*Dataset records*:
---
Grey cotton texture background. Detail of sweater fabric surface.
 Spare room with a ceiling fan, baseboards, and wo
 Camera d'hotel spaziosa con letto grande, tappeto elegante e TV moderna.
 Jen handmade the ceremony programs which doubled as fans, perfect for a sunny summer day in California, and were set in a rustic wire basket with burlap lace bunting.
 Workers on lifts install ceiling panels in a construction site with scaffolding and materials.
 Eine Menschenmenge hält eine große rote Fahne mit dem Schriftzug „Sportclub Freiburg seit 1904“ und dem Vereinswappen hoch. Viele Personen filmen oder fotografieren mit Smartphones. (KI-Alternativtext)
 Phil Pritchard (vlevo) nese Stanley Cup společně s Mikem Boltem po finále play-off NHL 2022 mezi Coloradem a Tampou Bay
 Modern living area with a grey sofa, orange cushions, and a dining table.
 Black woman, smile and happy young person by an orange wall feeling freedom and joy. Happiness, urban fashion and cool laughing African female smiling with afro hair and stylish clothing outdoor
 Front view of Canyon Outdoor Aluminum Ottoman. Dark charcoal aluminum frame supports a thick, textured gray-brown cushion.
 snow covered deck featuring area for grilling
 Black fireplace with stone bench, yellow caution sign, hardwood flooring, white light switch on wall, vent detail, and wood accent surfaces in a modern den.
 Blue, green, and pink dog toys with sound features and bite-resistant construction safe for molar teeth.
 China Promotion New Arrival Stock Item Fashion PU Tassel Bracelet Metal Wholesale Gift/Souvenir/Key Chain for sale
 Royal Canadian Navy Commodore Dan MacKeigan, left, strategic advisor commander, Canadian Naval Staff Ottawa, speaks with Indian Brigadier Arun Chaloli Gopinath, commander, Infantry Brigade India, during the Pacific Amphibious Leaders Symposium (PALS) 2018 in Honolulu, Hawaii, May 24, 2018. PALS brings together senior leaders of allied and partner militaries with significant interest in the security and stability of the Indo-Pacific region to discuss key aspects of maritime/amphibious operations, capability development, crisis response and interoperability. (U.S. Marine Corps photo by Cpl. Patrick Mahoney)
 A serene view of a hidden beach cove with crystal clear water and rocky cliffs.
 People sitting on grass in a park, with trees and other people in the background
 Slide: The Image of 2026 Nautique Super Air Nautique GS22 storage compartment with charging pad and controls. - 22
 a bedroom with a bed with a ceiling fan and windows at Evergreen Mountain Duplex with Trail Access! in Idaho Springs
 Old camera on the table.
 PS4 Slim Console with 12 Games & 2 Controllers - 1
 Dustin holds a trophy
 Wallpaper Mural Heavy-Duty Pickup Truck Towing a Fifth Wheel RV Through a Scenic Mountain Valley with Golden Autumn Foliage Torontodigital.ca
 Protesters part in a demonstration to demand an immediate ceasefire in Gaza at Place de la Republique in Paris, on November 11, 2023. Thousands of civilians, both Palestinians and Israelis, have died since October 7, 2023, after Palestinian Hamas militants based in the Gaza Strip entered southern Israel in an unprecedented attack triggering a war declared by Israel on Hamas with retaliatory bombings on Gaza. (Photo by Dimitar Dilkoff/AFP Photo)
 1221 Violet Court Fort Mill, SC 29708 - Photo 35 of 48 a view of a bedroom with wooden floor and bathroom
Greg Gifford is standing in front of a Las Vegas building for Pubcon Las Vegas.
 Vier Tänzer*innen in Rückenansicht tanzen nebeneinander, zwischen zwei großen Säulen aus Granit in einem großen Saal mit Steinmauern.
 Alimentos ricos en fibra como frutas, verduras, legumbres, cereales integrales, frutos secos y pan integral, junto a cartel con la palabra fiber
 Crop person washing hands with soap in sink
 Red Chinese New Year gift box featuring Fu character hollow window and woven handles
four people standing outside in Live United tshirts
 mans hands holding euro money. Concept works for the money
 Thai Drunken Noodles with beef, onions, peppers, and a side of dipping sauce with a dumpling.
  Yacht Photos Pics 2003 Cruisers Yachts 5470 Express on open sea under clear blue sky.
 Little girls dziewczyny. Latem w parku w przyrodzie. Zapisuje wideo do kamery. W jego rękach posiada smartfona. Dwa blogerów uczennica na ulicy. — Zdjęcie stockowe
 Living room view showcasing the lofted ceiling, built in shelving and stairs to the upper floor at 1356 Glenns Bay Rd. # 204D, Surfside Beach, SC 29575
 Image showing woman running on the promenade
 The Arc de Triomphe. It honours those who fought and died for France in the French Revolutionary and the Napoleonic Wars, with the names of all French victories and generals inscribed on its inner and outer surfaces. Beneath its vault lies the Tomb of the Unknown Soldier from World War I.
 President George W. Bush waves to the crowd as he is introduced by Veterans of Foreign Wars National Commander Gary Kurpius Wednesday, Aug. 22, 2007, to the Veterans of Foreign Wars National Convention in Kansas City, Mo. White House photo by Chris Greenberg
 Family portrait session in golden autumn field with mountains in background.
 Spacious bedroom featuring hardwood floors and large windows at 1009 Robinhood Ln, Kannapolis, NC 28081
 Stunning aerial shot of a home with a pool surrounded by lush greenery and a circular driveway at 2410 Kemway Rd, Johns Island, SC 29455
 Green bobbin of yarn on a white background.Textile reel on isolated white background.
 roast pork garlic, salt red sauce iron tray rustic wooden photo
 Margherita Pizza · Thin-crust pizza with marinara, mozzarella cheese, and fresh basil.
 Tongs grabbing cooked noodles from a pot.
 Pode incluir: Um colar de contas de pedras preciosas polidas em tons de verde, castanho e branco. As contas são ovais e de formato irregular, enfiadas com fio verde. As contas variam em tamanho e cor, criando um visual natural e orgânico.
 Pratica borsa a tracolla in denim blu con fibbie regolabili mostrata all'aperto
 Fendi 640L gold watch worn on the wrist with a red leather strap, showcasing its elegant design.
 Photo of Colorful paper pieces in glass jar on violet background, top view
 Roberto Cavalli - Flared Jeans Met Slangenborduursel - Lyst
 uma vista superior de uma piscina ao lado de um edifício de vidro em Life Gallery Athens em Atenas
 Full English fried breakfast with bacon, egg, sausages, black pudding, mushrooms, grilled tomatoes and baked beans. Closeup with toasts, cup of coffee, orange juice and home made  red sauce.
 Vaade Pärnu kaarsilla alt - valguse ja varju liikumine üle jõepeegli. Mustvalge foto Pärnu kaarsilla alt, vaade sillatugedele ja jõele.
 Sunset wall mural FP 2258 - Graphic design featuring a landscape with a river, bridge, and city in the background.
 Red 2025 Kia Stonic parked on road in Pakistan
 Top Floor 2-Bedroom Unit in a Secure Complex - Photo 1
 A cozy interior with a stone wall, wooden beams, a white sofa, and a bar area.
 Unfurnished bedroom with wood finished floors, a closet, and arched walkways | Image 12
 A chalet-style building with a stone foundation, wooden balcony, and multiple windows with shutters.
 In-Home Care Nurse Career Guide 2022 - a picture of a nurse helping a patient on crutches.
---
*TRY IT*:
Write out each line of the data above again, exactly as given.

*WRITTEN SOLUTION*:
Grey cotton texture background. Detail of sweater fabric surface.
 Spare room with a ceiling fan, baseboards, and wo
 Camera d'hotel spaziosa con letto grande, tappeto elegante e TV moderna.
 Jen handmade the ceremony programs which doubled as fans, perfect for a sunny summer day in California, and were set in a rustic wire basket with burlap lace bunting.
 Workers on lifts install ceiling panels in a construction site with scaffolding and materials.
 Eine Menschenmenge hält eine große rote Fahne mit dem Schriftzug „Sportclub Freiburg seit 1904“ und dem Vereinswappen hoch. Viele Personen filmen oder fotografieren mit Smartphones. (KI-Alternativtext)
 Phil Pritchard (vlevo) nese Stanley Cup společně s Mikem Boltem po finále play-off NHL 2022 mezi Coloradem a Tampou Bay
 Modern living area with a grey sofa, orange cushions, and a dining table.
 Black woman, smile and happy young person by an orange wall feeling freedom and joy. Happiness, urban fashion and cool laughing African female smiling with afro hair and stylish clothing outdoor
 Front view of Canyon Outdoor Aluminum Ottoman. Dark charcoal aluminum frame supports a thick, textured gray-brown cushion.
 snow covered deck featuring area for grilling
 Black fireplace with stone bench, yellow caution sign, hardwood flooring, white light switch on wall, vent detail, and wood accent surfaces in a modern den.
 Blue, green, and pink dog toys with sound features and bite-resistant construction safe for molar teeth.
 China Promotion New Arrival Stock Item Fashion PU Tassel Bracelet Metal Wholesale Gift/Souvenir/Key Chain for sale
 Royal Canadian Navy Commodore Dan MacKeigan, left, strategic advisor commander, Canadian Naval Staff Ottawa, speaks with Indian Brigadier Arun Chaloli Gopinath, commander, Infantry Brigade India, during the Pacific Amphibious Leaders Symposium (PALS) 2018 in Honolulu, Hawaii, May 24, 2018. PALS brings together senior leaders of allied and partner militaries with significant interest in the security and stability of the Indo-Pacific region to discuss key aspects of maritime/amphibious operations, capability development, crisis response and interoperability. (U.S. Marine Corps photo by Cpl. Patrick Mahoney)
 A serene view of a hidden beach cove with crystal clear water and rocky cliffs.
 People sitting on grass in a park, with trees and other people in the background
 Slide: The Image of 2026 Nautique Super Air Nautique GS22 storage compartment with charging pad and controls. - 22
 a bedroom with a bed with a ceiling fan and windows at Evergreen Mountain Duplex with Trail Access! in Idaho Springs
 Old camera on the table.
 PS4 Slim Console with 12 Games & 2 Controllers - 1
 Dustin holds a trophy
 Wallpaper Mural Heavy-Duty Pickup Truck Towing a Fifth Wheel RV Through a Scenic Mountain Valley with Golden Autumn Foliage Torontodigital.ca
 Protesters part in a demonstration to demand an immediate ceasefire in Gaza at Place de la Republique in Paris, on November 11, 2023. Thousands of civilians, both Palestinians and Israelis, have died since October 7, 2023, after Palestinian Hamas militants based in the Gaza Strip entered southern Israel in an unprecedented attack triggering a war declared by Israel on Hamas with retaliatory bombings on Gaza. (Photo by Dimitar Dilkoff/AFP Photo)
 1221 Violet Court Fort Mill, SC 29708 - Photo 35 of 48 a view of a bedroom with wooden floor and bathroom
Greg Gifford is standing in front of a Las Vegas building for Pubcon Las Vegas.
 Vier Tänzer*innen in Rückenansicht tanzen nebeneinander, zwischen zwei großen Säulen aus Granit in einem großen Saal mit Steinmauern.
 Alimentos ricos en fibra como frutas, verduras, legumbres, cereales integrales, frutos secos y pan integral, junto a cartel con la palabra fiber
 Crop person washing hands with soap in sink
 Red Chinese New Year gift box featuring Fu character hollow window and woven handles
four people standing outside in Live United tshirts
 mans hands holding euro money. Concept works for the money
 Thai Drunken Noodles with beef, onions, peppers, and a side of dipping sauce with a dumpling.
  Yacht Photos Pics 2003 Cruisers Yachts 5470 Express on open sea under clear blue sky.
 Little girls dziewczyny. Latem w parku w przyrodzie. Zapisuje wideo do kamery. W jego rękach posiada smartfona. Dwa blogerów uczennica na ulicy. — Zdjęcie stockowe
 Living room view showcasing the lofted ceiling, built in shelving and stairs to the upper floor at 1356 Glenns Bay Rd. # 204D, Surfside Beach, SC 29575
 Image showing woman running on the promenade
 The Arc de Triomphe. It honours those who fought and died for France in the French Revolutionary and the Napoleonic Wars, with the names of all French victories and generals inscribed on its inner and outer surfaces. Beneath its vault lies the Tomb of the Unknown Soldier from World War I.
 President George W. Bush waves to the crowd as he is introduced by Veterans of Foreign Wars National Commander Gary Kurpius Wednesday, Aug. 22, 2007, to the Veterans of Foreign Wars National Convention in Kansas City, Mo. White House photo by Chris Greenberg
 Family portrait session in golden autumn field with mountains in background.
 Spacious bedroom featuring hardwood floors and large windows at 1009 Robinhood Ln, Kannapolis, NC 28081
 Stunning aerial shot of a home with a pool surrounded by lush greenery and a circular driveway at 2410 Kemway Rd, Johns Island, SC 29455
 Green bobbin of yarn on a white background.Textile reel on isolated white background.
 roast pork garlic, salt red sauce iron tray rustic wooden photo
 Margherita Pizza · Thin-crust pizza with marinara, mozzarella cheese, and fresh basil.
 Tongs grabbing cooked noodles from a pot.
 Pode incluir: Um colar de contas de pedras preciosas polidas em tons de verde, castanho e branco. As contas são ovais e de formato irregular, enfiadas com fio verde. As contas variam em tamanho e cor, criando um visual natural e orgânico.
 Pratica borsa a tracolla in denim blu con fibbie regolabili mostrata all'aperto
 Fendi 640L gold watch worn on the wrist with a red leather strap, showcasing its elegant design.
 Photo of Colorful paper pieces in glass jar on violet background, top view
 Roberto Cavalli - Flared Jeans Met Slangenborduursel - Lyst
 uma vista superior de uma piscina ao lado de um edifício de vidro em Life Gallery Athens em Atenas
 Full English fried breakfast with bacon, egg, sausages, black pudding, mushrooms, grilled tomatoes and baked beans. Closeup with toasts, cup of coffee, orange juice and home made  red sauce.
 Vaade Pärnu kaarsilla alt - valguse ja varju liikumine üle jõepeegli. Mustvalge foto Pärnu kaarsilla alt, vaade sillatugedele ja jõele.
 Sunset wall mural FP 2258 - Graphic design featuring a landscape with a river, bridge, and city in the background.
 Red 2025 Kia Stonic parked on road in Pakistan
 Top Floor 2-Bedroom Unit in a Secure Complex - Photo 1
 A cozy interior with a stone wall, wooden beams, a white sofa, and a bar area.
 Unfurnished bedroom with wood finished floors, a closet, and arched walkways | Image 12
 A chalet-style building with a stone foundation, wooden balcony, and multiple windows with shutters.
 In-Home Care Nurse Career Guide 2022 - a picture of a nurse helping a patient on crutches.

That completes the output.